» WHAT TO DO
Up to and including the line containing "Somatotropin HGH 120iu Injection Pen Kit 2", set down each line of the entries below exactly, starting from the first, and leave out the rest.

[Records from a data source]

*** Begin section ***

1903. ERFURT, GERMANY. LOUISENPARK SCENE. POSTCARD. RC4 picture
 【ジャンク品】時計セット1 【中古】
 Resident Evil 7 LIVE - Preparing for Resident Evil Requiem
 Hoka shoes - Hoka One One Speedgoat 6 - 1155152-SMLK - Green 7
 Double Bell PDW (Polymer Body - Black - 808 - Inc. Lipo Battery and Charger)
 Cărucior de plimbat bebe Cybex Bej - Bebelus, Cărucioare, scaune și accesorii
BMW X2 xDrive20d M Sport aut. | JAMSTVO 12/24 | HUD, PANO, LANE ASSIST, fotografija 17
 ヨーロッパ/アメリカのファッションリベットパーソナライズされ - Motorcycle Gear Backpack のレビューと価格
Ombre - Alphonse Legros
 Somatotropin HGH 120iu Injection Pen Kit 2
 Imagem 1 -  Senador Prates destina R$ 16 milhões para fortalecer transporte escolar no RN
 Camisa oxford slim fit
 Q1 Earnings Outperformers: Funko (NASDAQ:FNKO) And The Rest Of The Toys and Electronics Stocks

*** End section ***

» OUTPUT BELOW
1903. ERFURT, GERMANY. LOUISENPARK SCENE. POSTCARD. RC4 picture
 【ジャンク品】時計セット1 【中古】
 Resident Evil 7 LIVE - Preparing for Resident Evil Requiem
 Hoka shoes - Hoka One One Speedgoat 6 - 1155152-SMLK - Green 7
 Double Bell PDW (Polymer Body - Black - 808 - Inc. Lipo Battery and Charger)
 Cărucior de plimbat bebe Cybex Bej - Bebelus, Cărucioare, scaune și accesorii
BMW X2 xDrive20d M Sport aut. | JAMSTVO 12/24 | HUD, PANO, LANE ASSIST, fotografija 17
 ヨーロッパ/アメリカのファッションリベットパーソナライズされ - Motorcycle Gear Backpack のレビューと価格
Ombre - Alphonse Legros
 Somatotropin HGH 120iu Injection Pen Kit 2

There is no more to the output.